Rebecca Roanhorse came onto the scene a couple of years ago with Trail of Lightning, a book which was mostly well-received but which was criticized by some Navajo for getting stuff wrong (proof that a Native American can be wrong about NA cultures other than their own).
With Black Sun, she has taken a safer route. This article contains spoilers, so if you haven’t read it and intend to, please bookmark this and come back when you have.
A Mesoamerican Secondary World
Black Sun is Mesoamerican (and a bit south American and even a bit north American) in the same way Game of Thrones is European. Roanhorse has taken the entire concept of the “history-based secondary world” and applied it to the great civilizations of the Americas. The title appears to refer to the “Black sun” of Mesoamerican mythology, which is connected to Quetzalcoatl.

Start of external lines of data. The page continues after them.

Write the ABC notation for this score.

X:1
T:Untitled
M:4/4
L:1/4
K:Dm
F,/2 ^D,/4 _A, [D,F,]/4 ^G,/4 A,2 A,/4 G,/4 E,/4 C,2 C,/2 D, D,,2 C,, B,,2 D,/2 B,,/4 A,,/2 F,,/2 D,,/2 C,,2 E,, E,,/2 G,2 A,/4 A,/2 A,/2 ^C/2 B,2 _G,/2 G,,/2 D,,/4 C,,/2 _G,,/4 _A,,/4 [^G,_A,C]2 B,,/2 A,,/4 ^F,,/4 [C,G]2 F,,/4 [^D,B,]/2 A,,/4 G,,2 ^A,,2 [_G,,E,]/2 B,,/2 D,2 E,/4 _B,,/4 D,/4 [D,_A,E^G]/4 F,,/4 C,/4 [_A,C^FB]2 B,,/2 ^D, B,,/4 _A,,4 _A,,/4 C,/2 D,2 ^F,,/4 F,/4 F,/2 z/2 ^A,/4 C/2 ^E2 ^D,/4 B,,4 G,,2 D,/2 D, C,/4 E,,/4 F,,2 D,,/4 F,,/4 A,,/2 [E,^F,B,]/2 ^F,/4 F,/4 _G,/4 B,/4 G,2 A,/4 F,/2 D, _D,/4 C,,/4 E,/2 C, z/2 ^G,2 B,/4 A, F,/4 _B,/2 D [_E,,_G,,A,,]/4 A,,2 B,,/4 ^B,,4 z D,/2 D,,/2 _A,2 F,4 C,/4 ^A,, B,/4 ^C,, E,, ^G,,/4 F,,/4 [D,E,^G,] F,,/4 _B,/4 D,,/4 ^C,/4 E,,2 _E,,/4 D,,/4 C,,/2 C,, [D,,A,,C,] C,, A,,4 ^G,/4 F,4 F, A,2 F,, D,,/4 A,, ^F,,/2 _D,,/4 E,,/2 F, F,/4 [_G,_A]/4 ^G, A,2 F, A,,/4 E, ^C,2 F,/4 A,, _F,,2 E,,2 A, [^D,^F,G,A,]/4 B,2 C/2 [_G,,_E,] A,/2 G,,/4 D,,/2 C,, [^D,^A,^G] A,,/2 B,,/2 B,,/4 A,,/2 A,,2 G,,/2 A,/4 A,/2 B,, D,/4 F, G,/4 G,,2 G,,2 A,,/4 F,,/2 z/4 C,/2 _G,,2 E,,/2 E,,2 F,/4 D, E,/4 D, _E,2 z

It’s also more literal; the “Black sun” in the book is a solar eclipse, which the priests predict. The book centers around theological and political conflict between the Watchers, a caste of astronomer-priests who guide the people and a cult in the Carrion Crow clan who believes their god is coming back.
Which might actually be true.
The book also includes Polynesian-flavored mermaids (I honestly just love Xiala), crow magic, and a dabbling of classism.
It’s Also Queer As…
Roanhorse also just throws in all kinds of random queerness, in a way which doesn’t feel like she’s checking off diversity boxes. A fairly major character is non-binary, and the culture has an acceptance of a “third gender,” as is fairly common in non-western cultures.

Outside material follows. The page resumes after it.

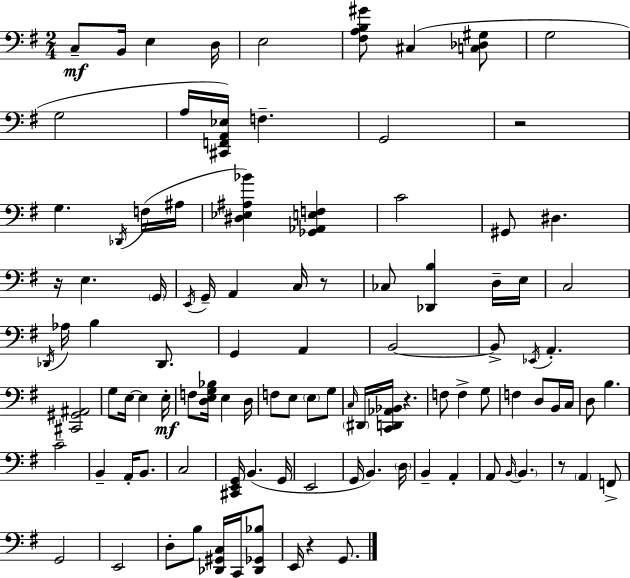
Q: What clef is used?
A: bass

Randomly, a background character turns out to be a trans woman. “We were boys together.” “Now you’re a woman.” “I was always a woman.” This is a great exchange which illustrates that Roanhorse has listened to trans people.

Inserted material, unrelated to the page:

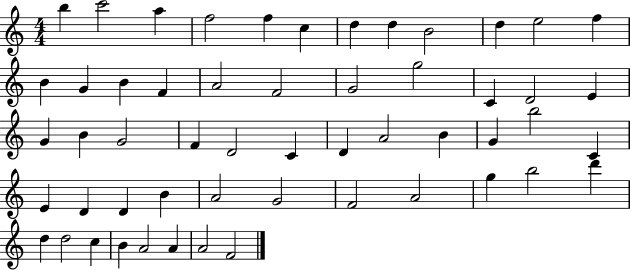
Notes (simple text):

Xiala, the mermaid, is bisexual or pansexual (neither word is used but she does sleep with men and women during the book).
None of these characters are buried, none of them are treated differently. It’s a book in which queerness just kind of exists, without having to justify itself.
All in all, Black Sun is a good book. I enjoyed the worldbuilding and the casual queerness, and I hope that she avoided being accused of anything this time. I still think Roanhorse’s true talent is in short fiction.
It is the first volume of a trilogy, and its one flaw is that it does feel as if it is part of a larger work split rather than completely standing on its own. The ending is, thus, a bit abrupt.
It’s not my pick to win, but it absolutely belongs on the ballot.